When Robert is ready to make his updates and starts with page 10 he sees that it is shared with someone else. So he announces his intention to modify the page and looks for a response from the rest of the team. All the others check their copies of the pages and destroy their copies as none of them has made any changes to their copy. So Janice throws away her copy of page 10. Robert now makes the change to page 10 and keeps it with him. At this point he has the only copy of the most up-to-date contents of that page so he marks it as such, as having been modified. When Janice is ready to make a change to page 10 she goes to the central location to get a copy but also announces to all her desire to change it. Robert, seeing that he has the most up-to-date copy he modified informs Janice of this. He then gives her the page he modified leaving him without a copy. Now Janice has the only copy and she can update it or store it in her cache. However she must not destroy it as this is the only copy of that page that is up-to-date. If Robert and Janice had both decide to update the page simultaneously then one of them would have gone first and then handed the modified page to the other for further updates.

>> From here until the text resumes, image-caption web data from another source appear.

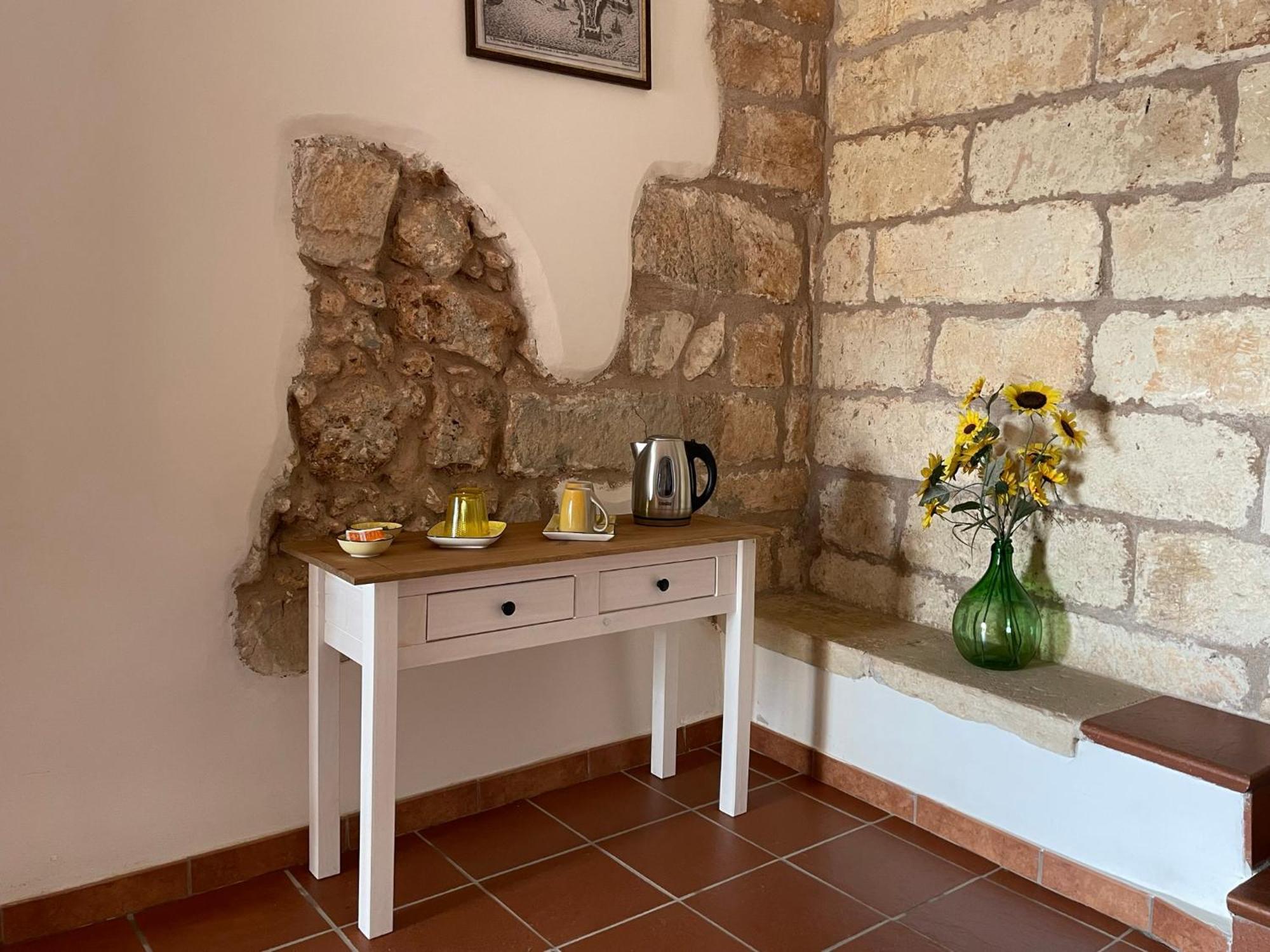 קרפיניאנו סלינטינו Agriturismo Masseria Saittole מראה חיצוני תמונה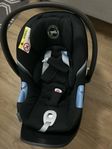 Babyskydd med Isofix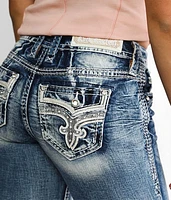 Barbra Easy Stretch Capri Jean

Recapping each team member can hold copies of pages as long as they keep track of the state of the page in the system. The page can be:
- Shared with one or more members of the team. The team member can destroy this page at any time if he or she no longer needs it and does not need to inform anyone of that action.
- Exclusive in only one cache. This exclusive copy of the page has not been updated but can be updated by the owner of that page without informing anyone else of the change. The owner can destroy her copy if she no longer needs it as this page is up to date in the central location.
- Modified. This page can exist in only one cache. The owner can make further changes to it at will without informing the other team members. The owner must forward the page to anyone else who needs it. If the owner no longer needs the page then she or he must put it back in the central location as it is the only up to date copy.
The team members must communicate with each other to properly share the pages of their document. All of the communication for this purpose is termed coherence traffic. However, the team members may also send messages to each other for other purposes. For example, if Janice decides to take a coffee break and invites Robert to join her, messages between them about breaking for coffee would have no bearing on the shared document and would be termed as non-coherent traffic in computer parlance.
Tying It All Together
Multiple processor systems operate under very similar rules for sharing data described in our example above. The caches, represented by the team members above, can hold multiple entities of data called cache lines. Each cache line is typically composed of 64 bytes of data and is the smallest entity handled and tracked by the cache-akin to the page in our example. The cache controller tracks the state of each cache line and marks it as Shared, Exclusive, or Modified and responds accordingly. If a cache line is no longer up to date in a cache the controller marks it as Invalid. These, taken together, are referred to by their initials as the MESI states. The central memory in a computer system is the common repository of the document in our example above. A typical computer system has at least one memory controller that interfaces with the banks of DRAM memory.